Items listed in a dataset:
□ □ □ □
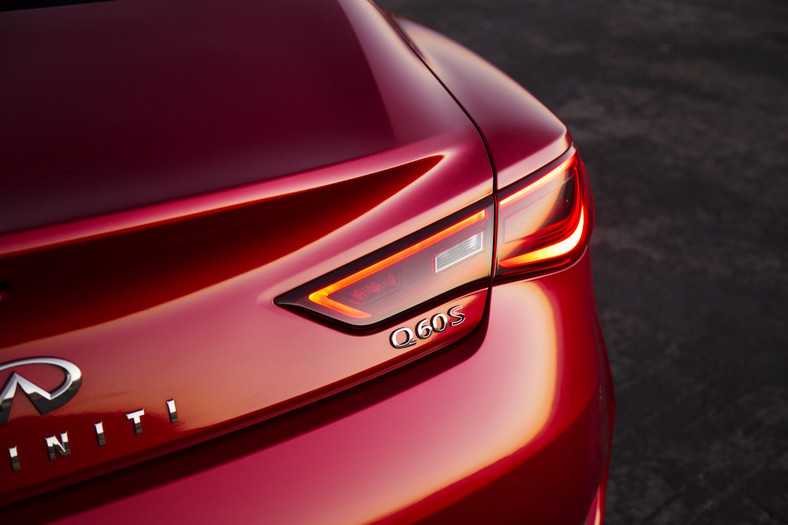 Infiniti Q60 S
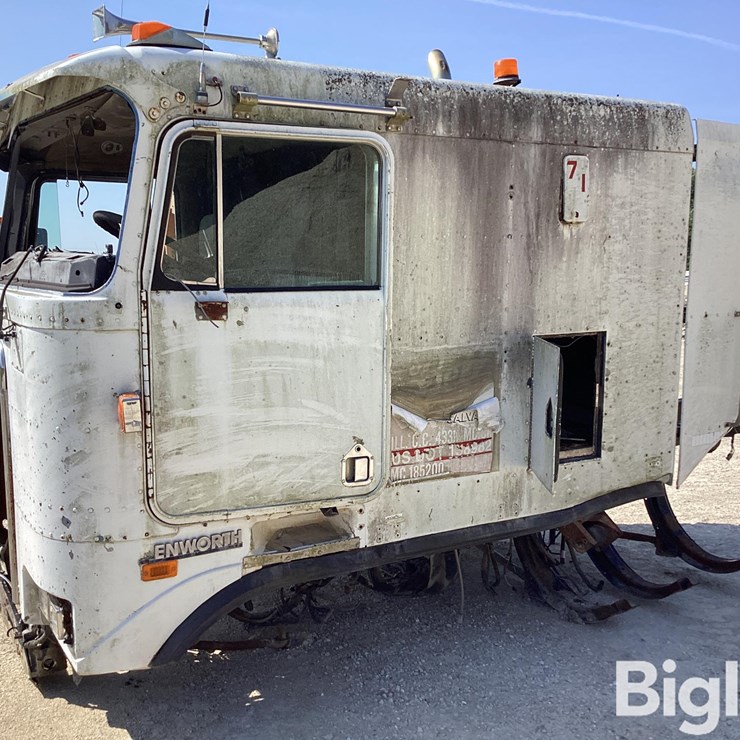 1989 KENWORTH K100E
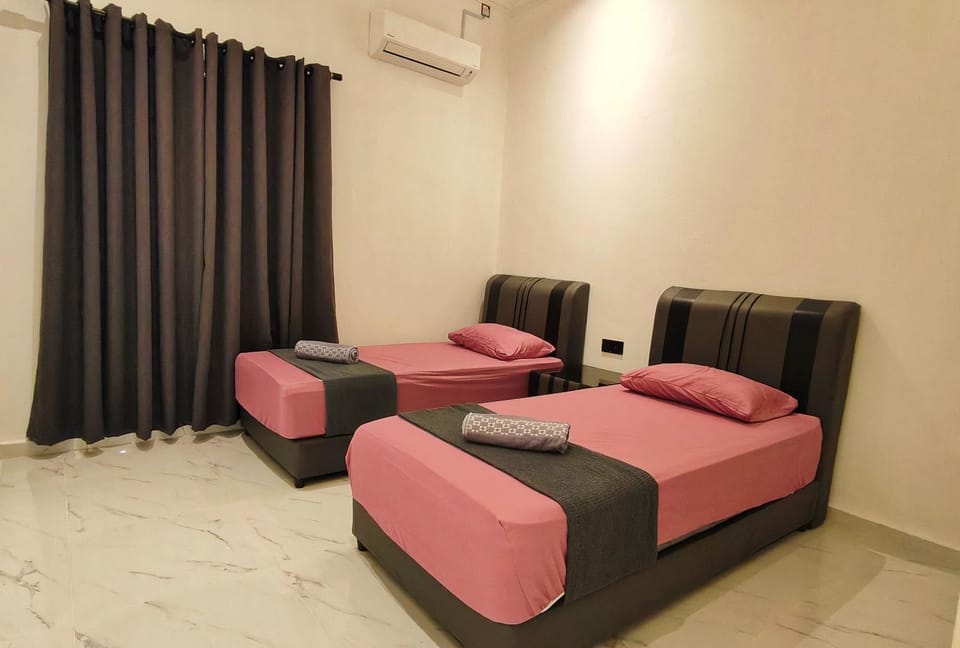 Bed, Photo of the whole room, Bedroom, air conditioner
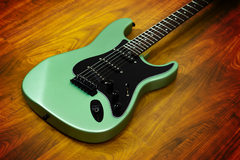 Guitarra SGT ST Classic Sage Green Metallic Satin - SGT Guitars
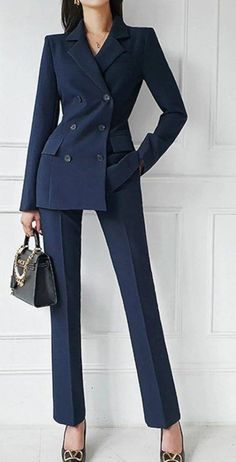 Women In Coat Suit, Smart Suit Women, Women Coat Outfit Formal, Power Suits For Women Business, Suit Blue Woman, Waist Coat And Trousers For Women, Business Coats Women, Formal 3 Piece Suit Women, 3 Piece Suit For Women Style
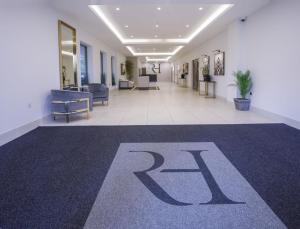 Lobbyen eller receptionen på Clifford's Skyline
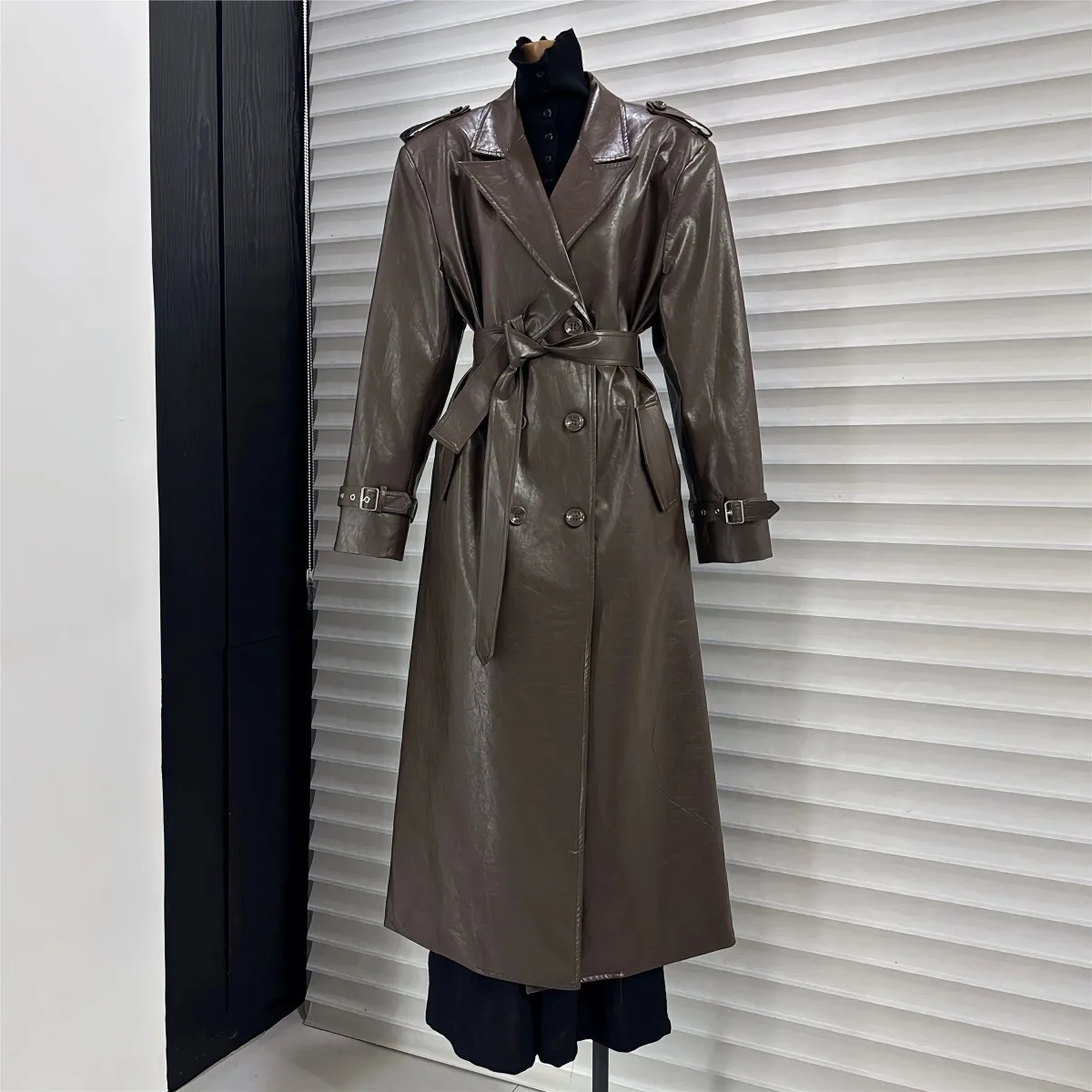 Winter Neue Amerikanische Retro Mittlere und Lange Trenchcoat Anzug Kragen Taille Strap Lose Lokomotive Anzug Design Leder Jacke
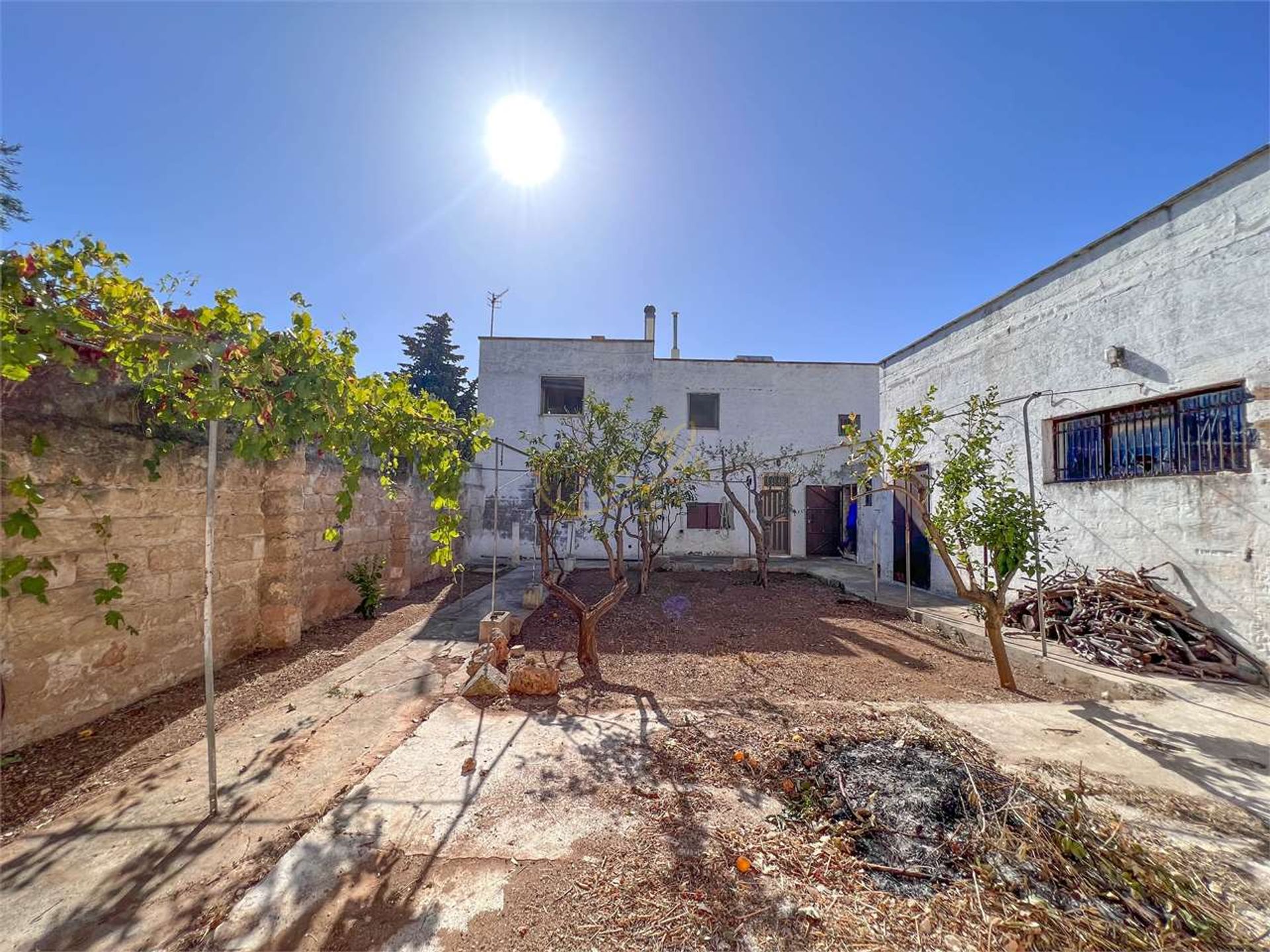 Hus i , Apulia 12346419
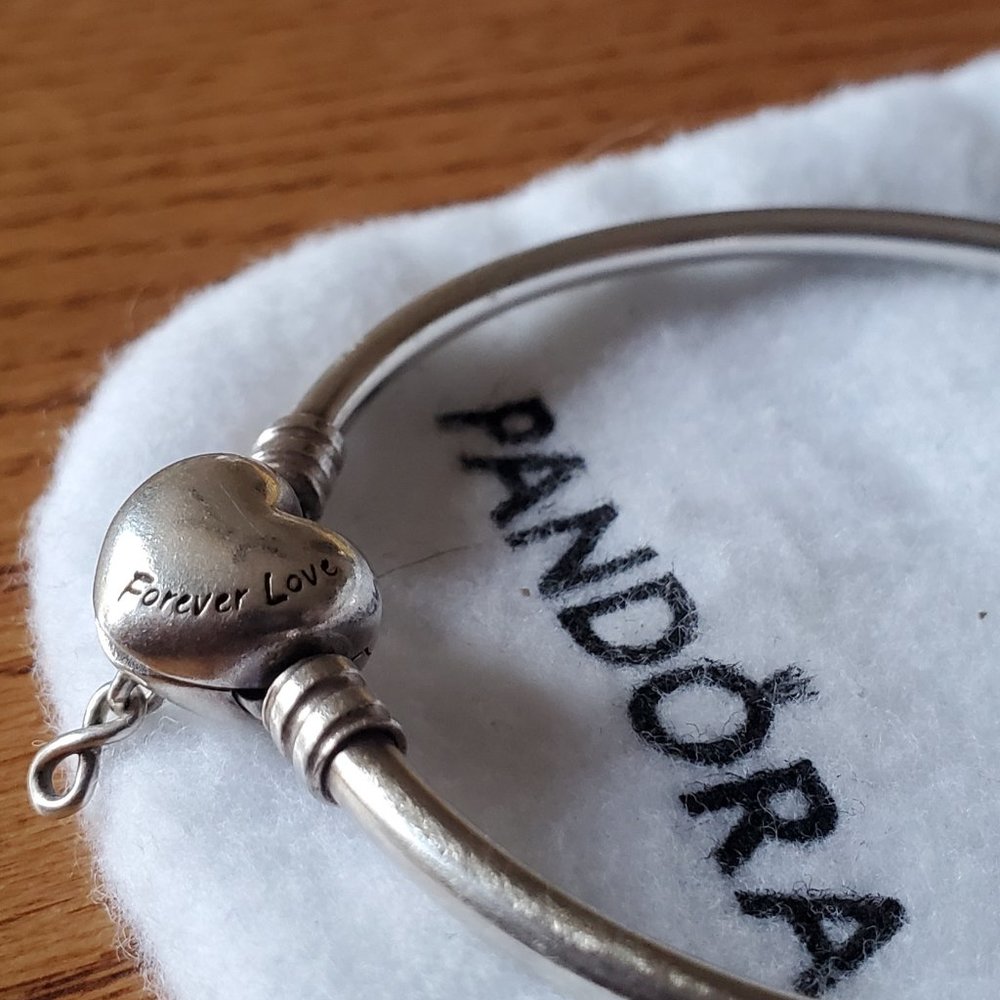 Pandora Moments Heart Clasp Bangle Size small 6.3 inches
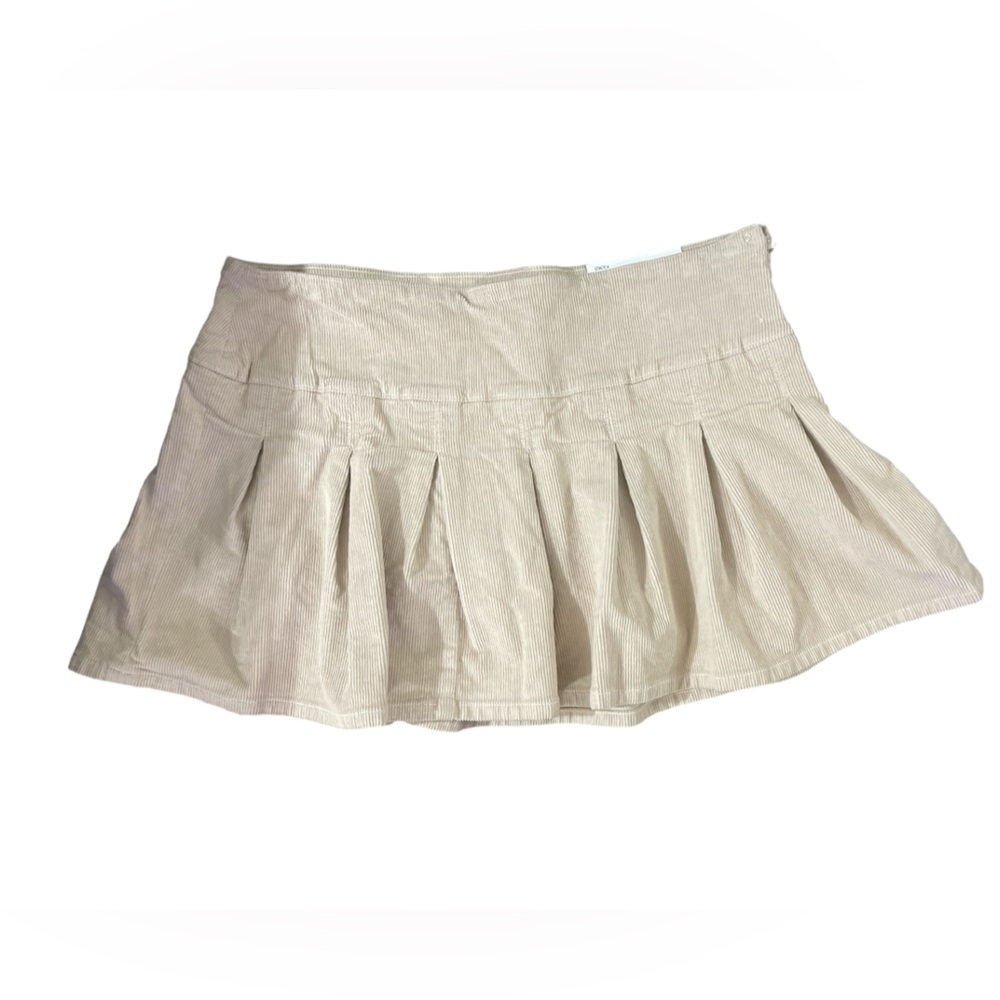 NWT American Eagle ($59.95Cad) Beige Corduroy Pleated Skort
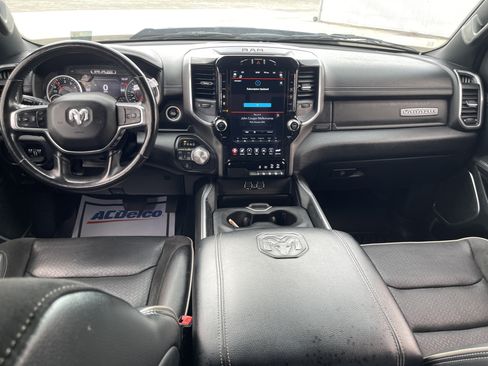 Used 2021 RAM 1500 Laramie w/ Sport Appearance Package AWD/4WD image 14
□ □ □ □
Reproduce the data exactly, please, and omit its pictures.

 Infiniti Q60 S
 1989 KENWORTH K100E
 Bed, Photo of the whole room, Bedroom, air conditioner
 Guitarra SGT ST Classic Sage Green Metallic Satin - SGT Guitars
 Women In Coat Suit, Smart Suit Women, Women Coat Outfit Formal, Power Suits For Women Business, Suit Blue Woman, Waist Coat And Trousers For Women, Business Coats Women, Formal 3 Piece Suit Women, 3 Piece Suit For Women Style
 Lobbyen eller receptionen på Clifford's Skyline
 Winter Neue Amerikanische Retro Mittlere und Lange Trenchcoat Anzug Kragen Taille Strap Lose Lokomotive Anzug Design Leder Jacke
 Hus i , Apulia 12346419
 Pandora Moments Heart Clasp Bangle Size small 6.3 inches
 NWT American Eagle ($59.95Cad) Beige Corduroy Pleated Skort
 Used 2021 RAM 1500 Laramie w/ Sport Appearance Package AWD/4WD image 14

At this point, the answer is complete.